Pemerintah India memastikan prosesnya berjalan cepat. Bahkan telah siap memberlakukan denda 50.000 rupee ( 670 dolar AS) yang akan dipotong dari gaji pejabat mana pun di wilayah yang menunda proses tersebut.

Mereka yang menerima sertifikat domisili termasuk pengungsi Hindu dari Pakistan setelah perpecahan berdarah tahun 1947 di anak benua itu. Tragisnya para tentara Gurkha dari Nepal yang pernah bertugas di tentara India, birokrat luar yang bekerja di wilayah tersebut dan beberapa komunitas Hindu yang terpinggirkan ikut juga terkena dampak.

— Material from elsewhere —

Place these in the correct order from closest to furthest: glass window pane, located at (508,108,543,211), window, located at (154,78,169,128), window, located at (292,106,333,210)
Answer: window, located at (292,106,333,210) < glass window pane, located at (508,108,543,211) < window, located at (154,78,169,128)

Bahkan penduduk asli harus melamar tempat tinggal, jika tidak mereka berisiko kehilangan pekerjaan pemerintah dan tunjangan kesejahteraan.

"Kini telah sekitar 400.000 orang telah diberikan sertifikat domisili dalam lebih dari sebulan.'' kata  Pawan Kotwal, seorang pejabat tinggi India dikutip sebelumnya oleh The Tribune, harian berbahasa Inggris India utara. Pejabat ini belum mengatakan berapa banyak dari mereka adalah penduduk setempat dan umumnya mereka tidak berkomentar tentang proses tersebut.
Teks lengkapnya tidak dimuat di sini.